■ What you are asked to do: Repeat the lines of the data exactly, from the first one through the one that contains "内增高圆头一脚蹬一字扣带玛丽珍鞋小个子2025新款韩版拼接单鞋女".

■ Dataset entries:
------------------------------------------------------------

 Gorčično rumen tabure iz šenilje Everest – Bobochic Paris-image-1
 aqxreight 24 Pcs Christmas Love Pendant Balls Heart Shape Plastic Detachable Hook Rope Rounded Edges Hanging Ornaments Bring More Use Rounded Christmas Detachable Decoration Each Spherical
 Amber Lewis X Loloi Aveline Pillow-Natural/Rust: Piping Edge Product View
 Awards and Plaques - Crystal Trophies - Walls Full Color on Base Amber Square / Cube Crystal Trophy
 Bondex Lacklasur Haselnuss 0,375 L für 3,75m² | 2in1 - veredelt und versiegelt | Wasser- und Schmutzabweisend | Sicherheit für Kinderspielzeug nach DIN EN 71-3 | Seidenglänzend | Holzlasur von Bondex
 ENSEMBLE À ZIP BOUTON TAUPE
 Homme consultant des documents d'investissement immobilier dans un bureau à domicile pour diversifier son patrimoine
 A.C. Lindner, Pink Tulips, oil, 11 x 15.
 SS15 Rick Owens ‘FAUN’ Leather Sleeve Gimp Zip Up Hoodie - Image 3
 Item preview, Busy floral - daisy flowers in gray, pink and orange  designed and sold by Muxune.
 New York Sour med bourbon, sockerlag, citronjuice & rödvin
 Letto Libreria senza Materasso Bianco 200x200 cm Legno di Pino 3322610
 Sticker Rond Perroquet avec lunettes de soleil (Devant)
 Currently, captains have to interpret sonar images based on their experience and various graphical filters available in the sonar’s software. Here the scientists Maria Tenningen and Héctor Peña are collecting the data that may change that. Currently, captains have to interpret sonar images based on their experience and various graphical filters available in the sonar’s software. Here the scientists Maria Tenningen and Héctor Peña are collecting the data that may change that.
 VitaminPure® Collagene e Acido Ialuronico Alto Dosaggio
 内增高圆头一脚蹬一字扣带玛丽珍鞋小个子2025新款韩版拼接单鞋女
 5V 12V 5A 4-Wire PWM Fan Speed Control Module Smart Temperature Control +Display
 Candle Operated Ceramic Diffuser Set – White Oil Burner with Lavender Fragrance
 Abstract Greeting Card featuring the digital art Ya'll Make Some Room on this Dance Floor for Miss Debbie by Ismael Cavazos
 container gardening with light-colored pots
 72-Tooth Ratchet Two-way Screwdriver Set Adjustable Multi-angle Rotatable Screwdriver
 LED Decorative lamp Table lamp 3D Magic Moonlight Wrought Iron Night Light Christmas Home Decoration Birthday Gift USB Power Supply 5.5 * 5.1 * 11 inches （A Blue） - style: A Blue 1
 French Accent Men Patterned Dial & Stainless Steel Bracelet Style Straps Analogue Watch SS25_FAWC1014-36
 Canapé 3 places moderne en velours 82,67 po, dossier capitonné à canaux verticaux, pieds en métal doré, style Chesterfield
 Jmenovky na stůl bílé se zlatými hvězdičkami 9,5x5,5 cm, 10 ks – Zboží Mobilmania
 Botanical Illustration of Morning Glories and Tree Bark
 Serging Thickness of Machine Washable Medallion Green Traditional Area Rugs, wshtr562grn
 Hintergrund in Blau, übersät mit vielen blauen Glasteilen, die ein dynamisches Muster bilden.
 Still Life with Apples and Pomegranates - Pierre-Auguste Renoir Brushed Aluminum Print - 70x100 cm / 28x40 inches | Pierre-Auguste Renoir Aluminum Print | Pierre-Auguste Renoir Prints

------------------------------------------------------------

■ Answer to the exercise:
 Gorčično rumen tabure iz šenilje Everest – Bobochic Paris-image-1
 aqxreight 24 Pcs Christmas Love Pendant Balls Heart Shape Plastic Detachable Hook Rope Rounded Edges Hanging Ornaments Bring More Use Rounded Christmas Detachable Decoration Each Spherical
 Amber Lewis X Loloi Aveline Pillow-Natural/Rust: Piping Edge Product View
 Awards and Plaques - Crystal Trophies - Walls Full Color on Base Amber Square / Cube Crystal Trophy
 Bondex Lacklasur Haselnuss 0,375 L für 3,75m² | 2in1 - veredelt und versiegelt | Wasser- und Schmutzabweisend | Sicherheit für Kinderspielzeug nach DIN EN 71-3 | Seidenglänzend | Holzlasur von Bondex
 ENSEMBLE À ZIP BOUTON TAUPE
 Homme consultant des documents d'investissement immobilier dans un bureau à domicile pour diversifier son patrimoine
 A.C. Lindner, Pink Tulips, oil, 11 x 15.
 SS15 Rick Owens ‘FAUN’ Leather Sleeve Gimp Zip Up Hoodie - Image 3
 Item preview, Busy floral - daisy flowers in gray, pink and orange  designed and sold by Muxune.
 New York Sour med bourbon, sockerlag, citronjuice & rödvin
 Letto Libreria senza Materasso Bianco 200x200 cm Legno di Pino 3322610
 Sticker Rond Perroquet avec lunettes de soleil (Devant)
 Currently, captains have to interpret sonar images based on their experience and various graphical filters available in the sonar’s software. Here the scientists Maria Tenningen and Héctor Peña are collecting the data that may change that. Currently, captains have to interpret sonar images based on their experience and various graphical filters available in the sonar’s software. Here the scientists Maria Tenningen and Héctor Peña are collecting the data that may change that.
 VitaminPure® Collagene e Acido Ialuronico Alto Dosaggio
 内增高圆头一脚蹬一字扣带玛丽珍鞋小个子2025新款韩版拼接单鞋女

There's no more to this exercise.